Sunday, July 18, 2004
 
This is a bit of a gamble.

I know, I've had pictures on the site for ages now, but they've always been hosted by my brother, or Fotango, or just nabbed from somewhere. But actually hosting it on Blogger itself... I hope this works.

It isn't that hard really, aside from the fact that I don't like the way it looks when posted from Hello to my Bloggerbot. So, rather than the new way, I'm going for a more complicated option. Post, find the address of the picture, and then edit the post in a more conventional fashion.

In the long term the answer may simply be to start a third blog - a photo blog that can host all my shots. The way forward, I suspect.

Anyway, this is my belated birthday card from my brother and his son. Why so late? Well, Liam mailed me a couple of weeks ago, saying 'Just found your card sealed and addressed but unstamped and unposted under a pile of stuff on my desk. It went off this afternoon with my bills - also late.'

Fair enough so. It's well worth the wait, I suspect you'll agree, drawn as it is by my nephew. A fine gag, with surreal speech balloons, having nothing whatsoever to do with birthdays.

And who are those two lads? They're not normal, that's all I can say. Neil was perusing it the other day and was deeply taken with them. 'They're obviously a bit mad,' he said.

I want to know more.

My kind of card.




Saturday, July 17, 2004
 
A few days back, I received a very nice link to my post on the farcical 'Da Vinci Code'. The link, by one Phil Ledgerwood, recommended people to read my critique of Brown's book but warned them about my site. 'Watch out Mozilla/Firefox (and presumably, Netscape) users,' he said, 'you’ll probably need to scroll to the right to see the actual post.'

This reminded me of an email from the brother a few weeks ago, who said
'Speaking of your margin - I'm presently using Firefox browser instead of Internet Explorer... and your margin fills my screen in it - it's over a
thousand pixels wide. Now only about 1% of all internet users are seeing this, but if more of the 95% that use IE switch like I did - primarily for security reasons - then your site becomes almost unreadable to a lot of people. Had a quick look at the HTML and I imagine it's part of the template and not anything you've hardcoded.'
And now it looks like Liam's prediction is being borne out by a distinct - albeit tiny - drop in the percentage of people using Internet Explorer. Begun, the Browser Wars have, as Yoda might say.

The point being, does anyone have any ideas what I can do to control my margin? I would have thought that limiting its width to 160 in my template ought to have been enough.
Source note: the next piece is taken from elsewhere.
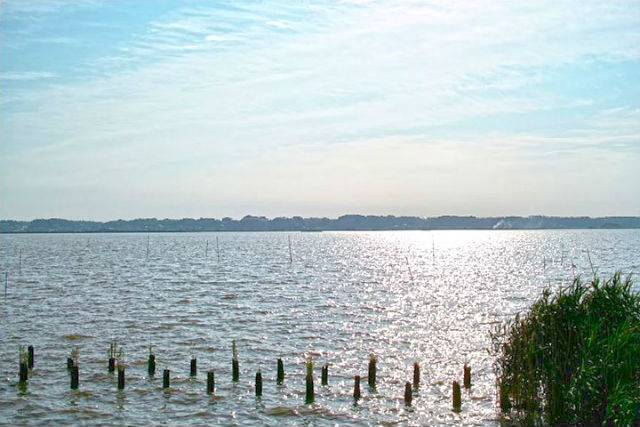 霞ヶ浦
Any advice would be much appreciated.




Friday, July 16, 2004
 
The other half is away at the minute, tramping about the continent in a mildy backpackerish kind of way. Whenever we chat on the phone I wind up oddly jealous. Well, not jealous, but certainly envious, in a way. I guess I'm getting itchy feet. I haven't done any travelling in three years now - visits to Sandra in Brussels or Heinrich in Frankfurt hardly count - and really miss it.
 
That's not surprising really, considering how my summers used to be spent travelling. Prior to 1996 I'd only once been further away than London - I'd gone on a school trip to Brussels and the Rhine Valley back in in 1991.
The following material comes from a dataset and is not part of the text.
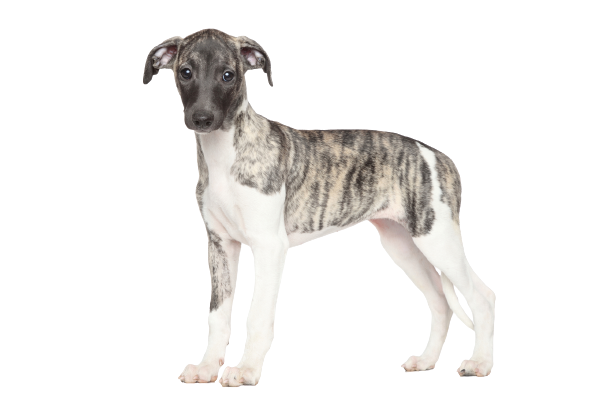 Whippet (4)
1996 - The Quest for the Holy Dingo
In 1996 though, with my finals out of the way, I decided to go interrailing, to take a reconnaisance tour of the continent, and so myself and Alan, an old school friend, set off, rapidly breaking from our plan, and visiting Paris, Munich, Salzburg, Vienna, Budapest, Amsterdam, Berlin, Warsaw, Krakow, and Prague. I made a few friends on that trip that even now I'm still in touch with, albeit not as often as I should be - Neil, Doug, Ali, and Roxanne.
 
1997 - Follow that Elephant!
The following summer, in the guise of research - I did need to visit the Hannibalic battlefields - I headed off to Italy, spending five weeks between Milan, Florence, Siena, Cortona, Assisi, Rome, Naples, and Barletta.  And again I made friends who've lasted, notably Katie and Zoe with whom I used to meet up whenever I was in London - we haven't managed it in a while, mind.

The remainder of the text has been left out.